I have to write another great review of Uber DC because they did another awesome thing.
Last week when we had that Wednesday downpour the city turned into a mess. You couldn't get anywhere because it rained and we all know that cars don't drive in the rain. OR... people are stupid and should have their licenses taken away because they can't drive in the rain. You pick.
I was in the Court House area and needed a ride to Cleveland Park (I can't explain why I would ever need to be in Cleveland Park, but I was there twice in one week). I opened my Uber app, hit the little "pick my butt up" button and set about dreaming of the awesome car I was going to be riding around in.
About three minutes after the app told me that I had a guy headed to my location and it would take about twelve minutes, I got a call. It was the driver. He was very apologetic when he told me that he turned onto some street in DC and it was the world's biggest traffic jam. He wasn't going to be able to pick up in the promised time and asked that I cancel the pickup (at no charge to me) and get another car. I obliged, but not before I asked him what he was driving. He was in a Town Car. Nice, but not the 550 I've been after for the past couple of weeks. I would have waited for the 550 and made sure to have him drive me past all my exgirlfriend's houses because that's how lame I am (don't judge, just appreciate the fact that I try).
I quickly canceled him and requested another car - started dreaming process over again.
My new driver just happened to be around the corner and ready to go. He was there even before the first driver's promised time.
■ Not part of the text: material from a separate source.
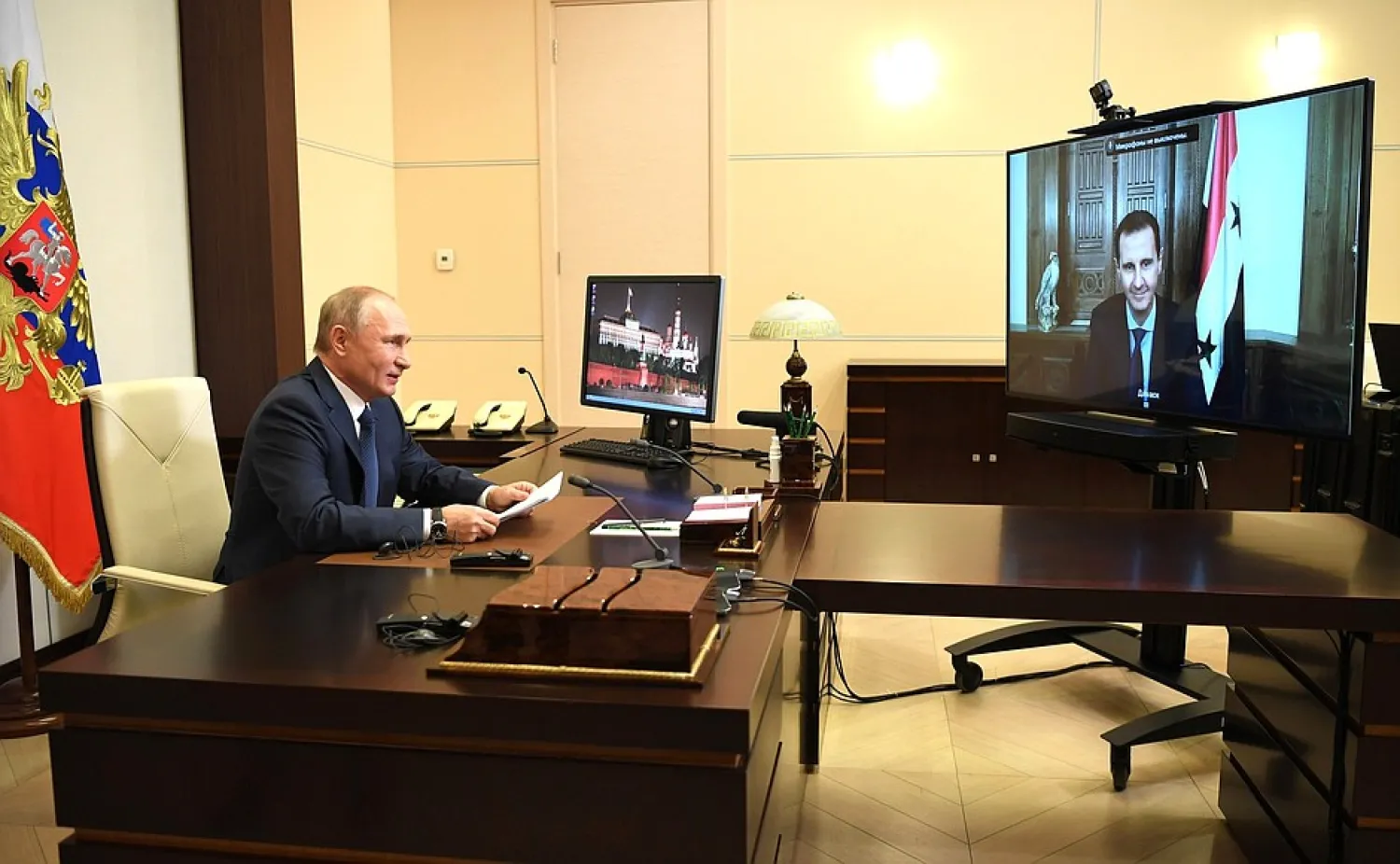 Russian President Vladimir Putin speaks with Syrian President Bashar al-Assad via a video conference. Russian Presidency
The car was not a 550 or a stretched Ford Super Duty (not that they have one of those for Uber DC, but it would be awesome if they did). It was another semi-stretched Town Car thingy with everything in it but a PS3 (women have no Idea what that is, but every single dude reading this does), and I'm not sure he didn't have it somewhere hidden out of sight. The car had a table, wifi, extraphone, water, mints, seventeen feet of leg room and the guy driving looked like he could probably kick Van Damme's ass. Check that - for the purposes of this story, he DID kick Van Damme's ass.
The bottom line is that Uber worked great - again. There could have been a problem, but the first driver solved it before it became one. You can't beat that service.
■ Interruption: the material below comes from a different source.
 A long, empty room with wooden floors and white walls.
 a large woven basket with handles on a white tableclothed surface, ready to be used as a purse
I also sent the email below when Alex from Uber asked why I had rated another driver so low (I didn't mean to and you'll see why). The driver's name was "Tan" because literally only Alex at Uber has a name you've heard of before.
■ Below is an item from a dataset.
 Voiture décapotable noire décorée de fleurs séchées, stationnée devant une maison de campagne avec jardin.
Tan could have picked me up in disco spaceship with Jesus Christ riding shotgun and I wouldn't have noticed.
You see, I was severely over-served at a bar last night. Tan did a great job under the circumstances. I was probably not speaking a known language at the time he picked us up. I awoke in my own house with everything I began the night with still on my body, so that was awesome.
Bottom line - I don't know where to rate these guys otherwise he would have gotten 15 out of a possible 5 stars from me.
Hope this helps
Alex at Uber is awesome for playing along. However, don't just randomly email Alex with stupid questions - that would result in him having less time to answer my random, stupid questions that I send an almost hourly basis.
Remember - if you have a question on your bill, just reply to the email sent to you with your question and they'll help you out. Do not be like me and be a dick because things didn't go your way - Uber will make it right and you'll feel bad for yelling at Alex.
Uber right now and double your K-Street cred! Or Uber later and pretend I didn't write "K-Street cred" like it was something very clever I came up with.